### INPUT DATA
::::::
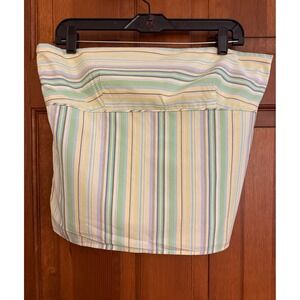 J. Crew Strapless‎ Crop Top Womens Size 12 Fully-Lined Striped Cotton Side Zip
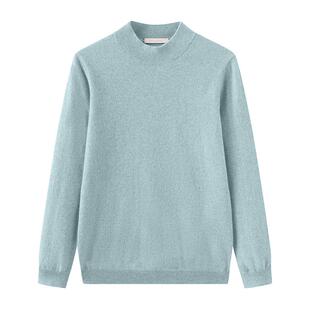 春竹100%山羊绒衫女新款百搭纯色打底衫保暖针织半高领女套衫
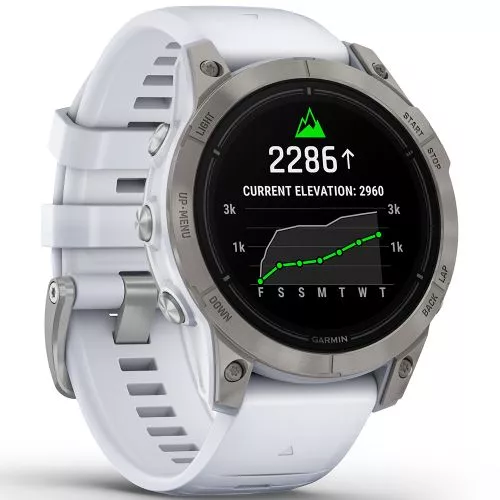 Garmin epix Pro (Gen 2) Sapphire Edition  47 mm Titaani, luonnonvalkoinen silikoniranneke 010-02803-21-1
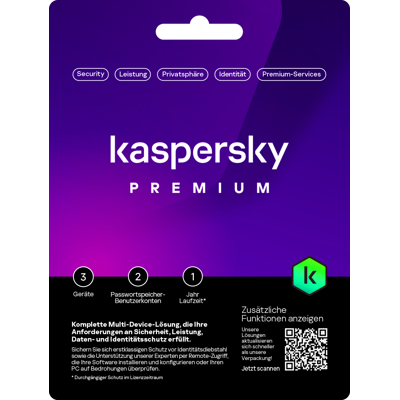 Kaspersky Premium 3 Geräte 1 Jahr Laufzeit Kaspersky Premium 3 Geräte 1 Jahr Laufzeit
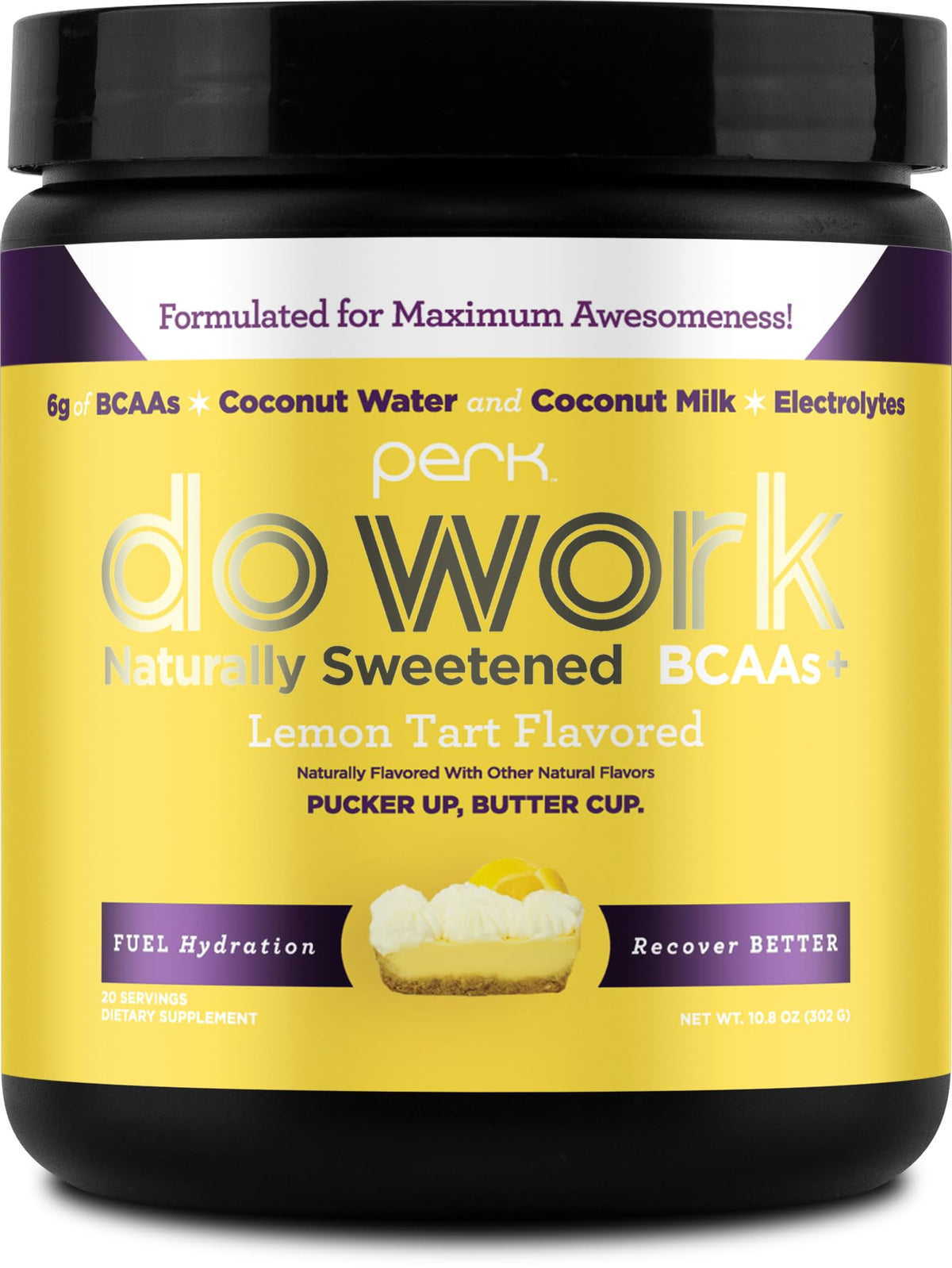 Packaging for Perk Do Work BCAAs + Hydration Electrolytes Lemon Tart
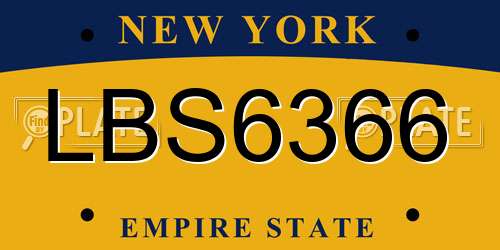 LBS6366 New York License Plate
::::::
### WORK TO COMPLETE
The finished answer is an exact repetition of the listing, with every picture removed.

### OUTPUT FOR THIS TASK
 J. Crew Strapless‎ Crop Top Womens Size 12 Fully-Lined Striped Cotton Side Zip
 春竹100%山羊绒衫女新款百搭纯色打底衫保暖针织半高领女套衫
 Garmin epix Pro (Gen 2) Sapphire Edition  47 mm Titaani, luonnonvalkoinen silikoniranneke 010-02803-21-1
 Kaspersky Premium 3 Geräte 1 Jahr Laufzeit Kaspersky Premium 3 Geräte 1 Jahr Laufzeit
 Packaging for Perk Do Work BCAAs + Hydration Electrolytes Lemon Tart
 LBS6366 New York License Plate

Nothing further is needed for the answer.